Project Euler Solution 33: Digit cancelling fractions

Martin Ueding

2023-06-10

Code & Zahlen

In today's part of the Project Euler series we have Problem 33: Digit cancelling fractions, which is about unconventional cancellation in fractions.

The fraction 49/98 is a curious fraction, as an inexperienced mathematician in attempting to simplify it may incorrectly believe that 49/98 = 4/8, which is correct, is obtained by cancelling the 9s.

We shall consider fractions like, 30/50 = 3/5, to be trivial examples.

There are exactly four non-trivial examples of this type of fraction, less than one in value, and containing two digits in the numerator and denominator.

If the product of these four fractions is given in its lowest common terms, find the value of the denominator.

This can be solved pretty directly.
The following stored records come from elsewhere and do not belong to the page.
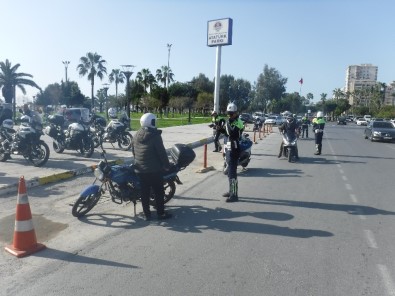 Mersin'de Kask Takmayan Motosikletlilere Uygulama Artırıldı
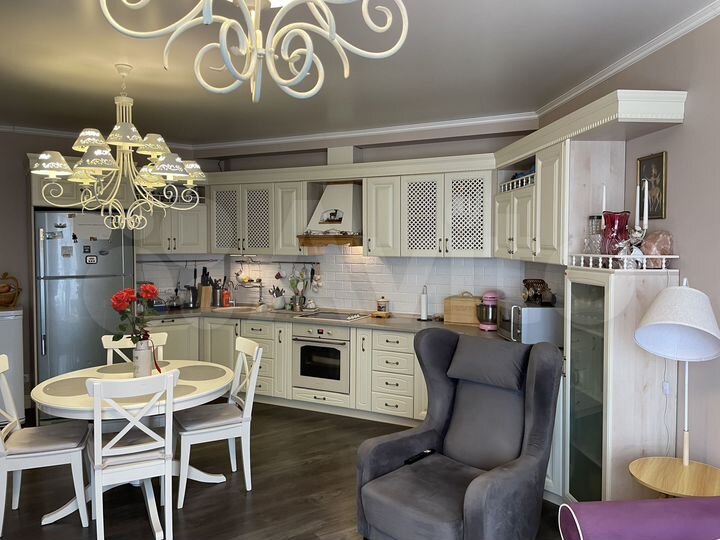 4-к. квартира, 92,9 м², 10/25 эт.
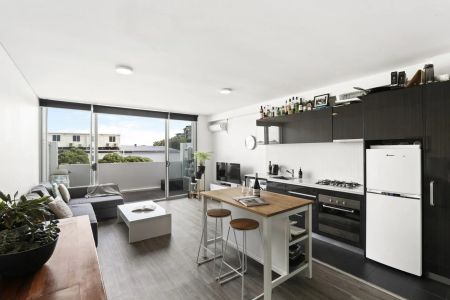 Designer Apartment for Inner-City Life - Photo 5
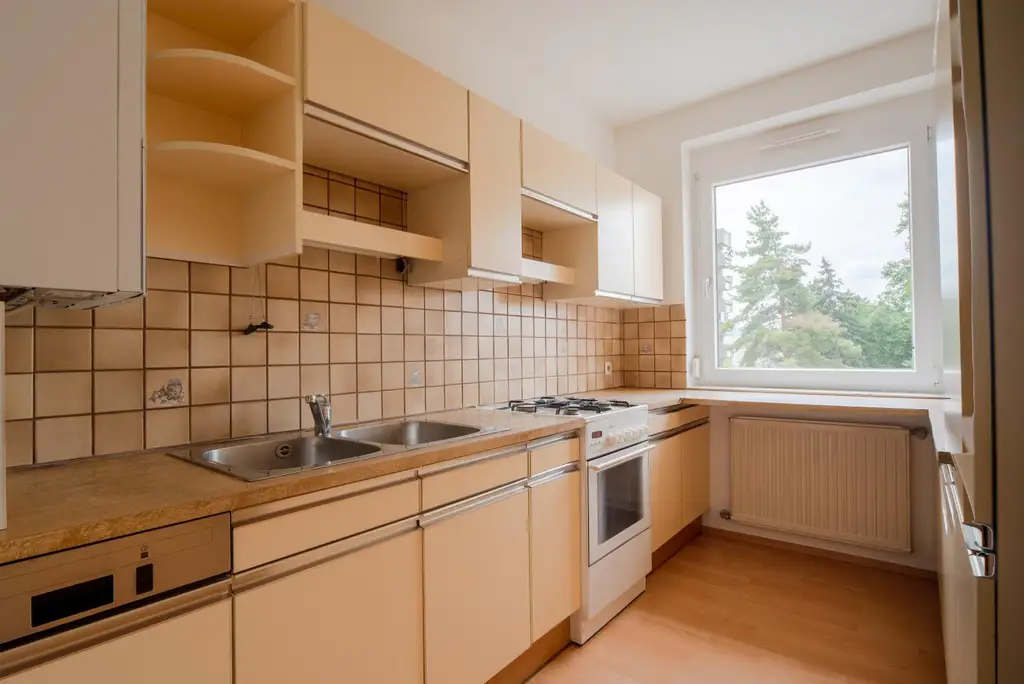 Preisreduziert! 2000 Stockerau: Ruhige und sehr helle 4 Zimmer-Eigentumswohnung mit Loggia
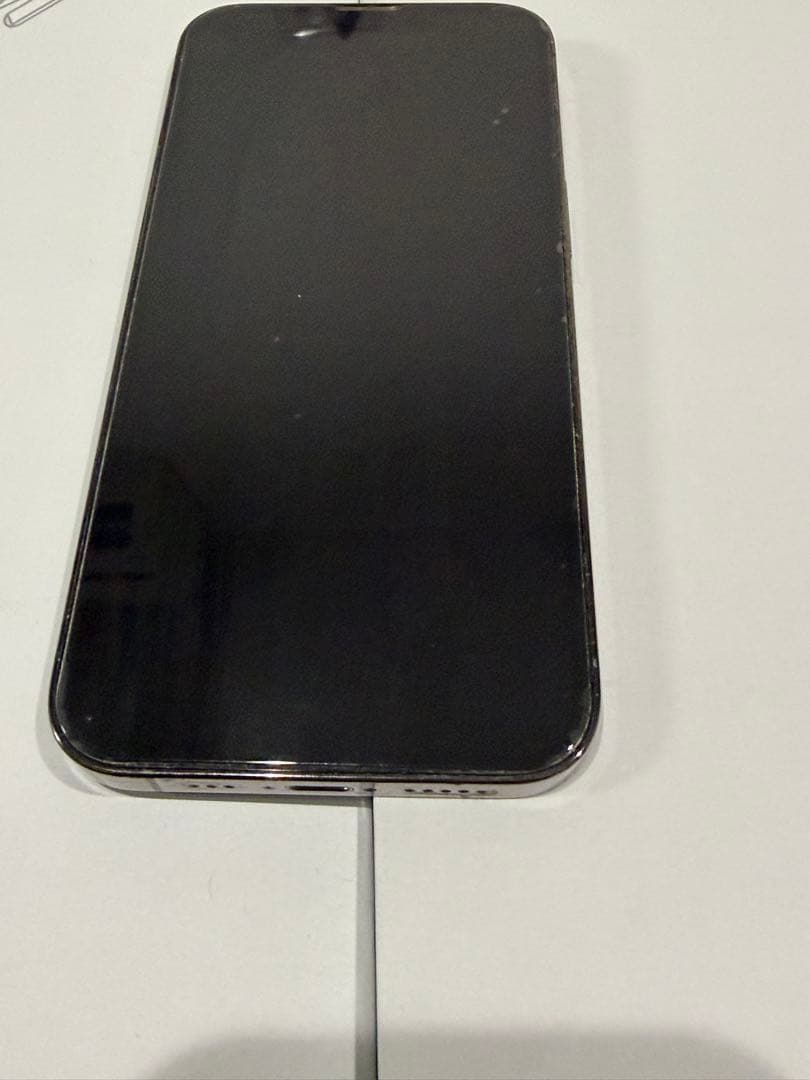 iPhone 13 pro 本体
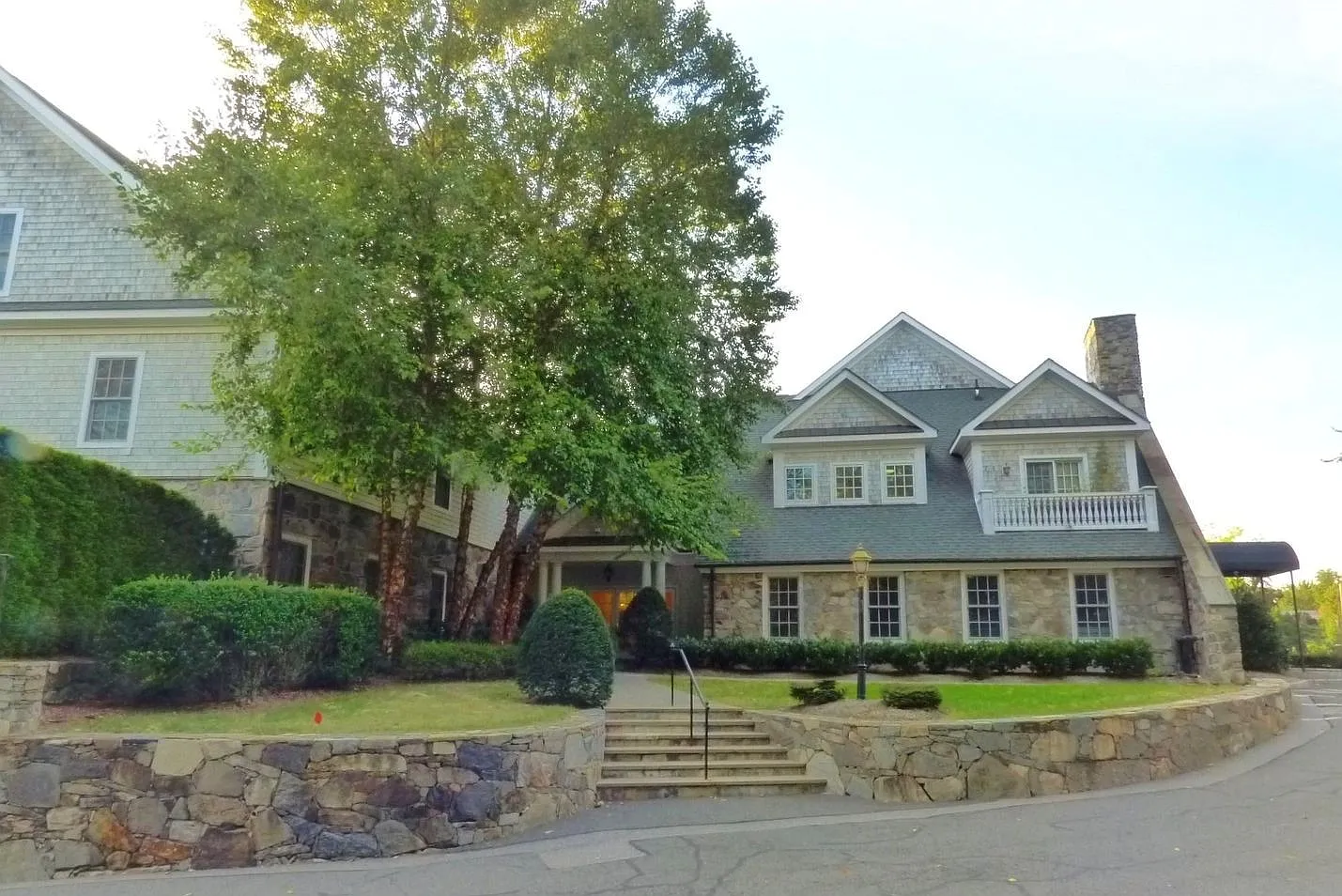 2 Dearfield Dr — Photo 1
One needs to enumerate all the fractions where the denominator is larger than the numerator to fulfil the “less than one in value” property. Then make sure that they have two digits only. Once we have these, determine the digits that are in common. It must be only one common digit, otherwise it would completely cancel the fraction. If there are two common digits, like in 23/32, we could cancel either one, but the result would not be correct. And 0 isn't an interesting common digit.

For the result we need to cancel the fraction, we can use the Euclidean algorithm to determine the greatest common denominator and cancel the fraction.

def greatest_common_denominator(a: int, b: int) -> int:
    while b != 0:
        b, a = a % b, b
    return a


def solution() -> int:
    result_numerator = 1
    result_denominator = 1
    for numerator in range(10, 100):
        for denominator in range(numerator + 1, 100):
            common_digits = set(str(numerator)) & set(str(denominator))
            if "0" in common_digits:
                common_digits.remove("0")
            if len(common_digits) == 1:
                common_digit = list(common_digits)[0]
                new_numerator = str(numerator).replace(str(common_digit), "")
                new_denominator = str(denominator).replace(str(common_digit), "")
                if not new_numerator or not new_denominator:
                    continue
                if numerator * int(new_denominator) == denominator * int(new_numerator):
                    result_numerator *= numerator
                    result_denominator *= denominator
    gcd = greatest_common_denominator(result_numerator, result_denominator)
    return result_denominator // gcd

This runs through in 3.0 ms, so it is fast enough to solve this problem.